CISA, киберведомство США, признало отсутствие плана реагирования после утечки учетных данных сотрудником на GitHub
Агентство по кибербезопасности и защите инфраструктуры США (CISA) сообщило, что им пришлось разрабатывать план реагирования на инцидент уже по ходу его развития, после того как подрядчик допустил утечку конфиденциальных данных для доступа к правительственным системам на GitHub.

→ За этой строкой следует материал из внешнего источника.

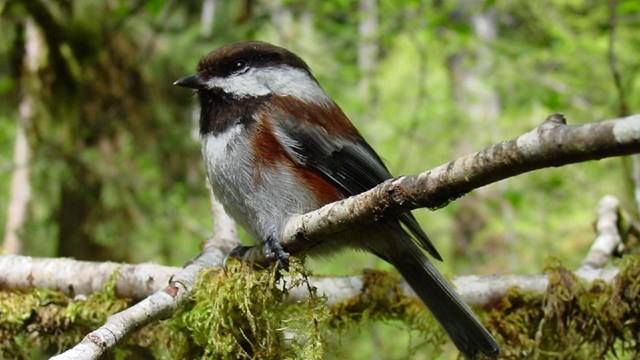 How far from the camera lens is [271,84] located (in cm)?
290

Агентство по кибербезопасности и защите инфраструктуры США (CISA) признало в своем отчете по итогам инцидента (post-mortem), что у ведомства не было заранее разработанного плана действий (playbook) на случай утечки важных данных в облаке, произошедшей в мае. В результате сотрудникам пришлось "тратить время на создание [playbook] в начале инцидента", одновременно решая текущие проблемы.
Инцидент начался в мае, когда исследователи безопасности из компании GitGuardian обнаружили большое количество конфиденциальных данных, таких как ключи и учетные данные (credentials) для доступа к правительственным системам США, хранящихся в общедоступном репозитории GitHub. Эти данные были загружены сотрудником подрядчика, работающего на CISA. Исследователи пытались напрямую связаться с компанией-подрядчиком, чтобы уведомить ее, но не получили ответа.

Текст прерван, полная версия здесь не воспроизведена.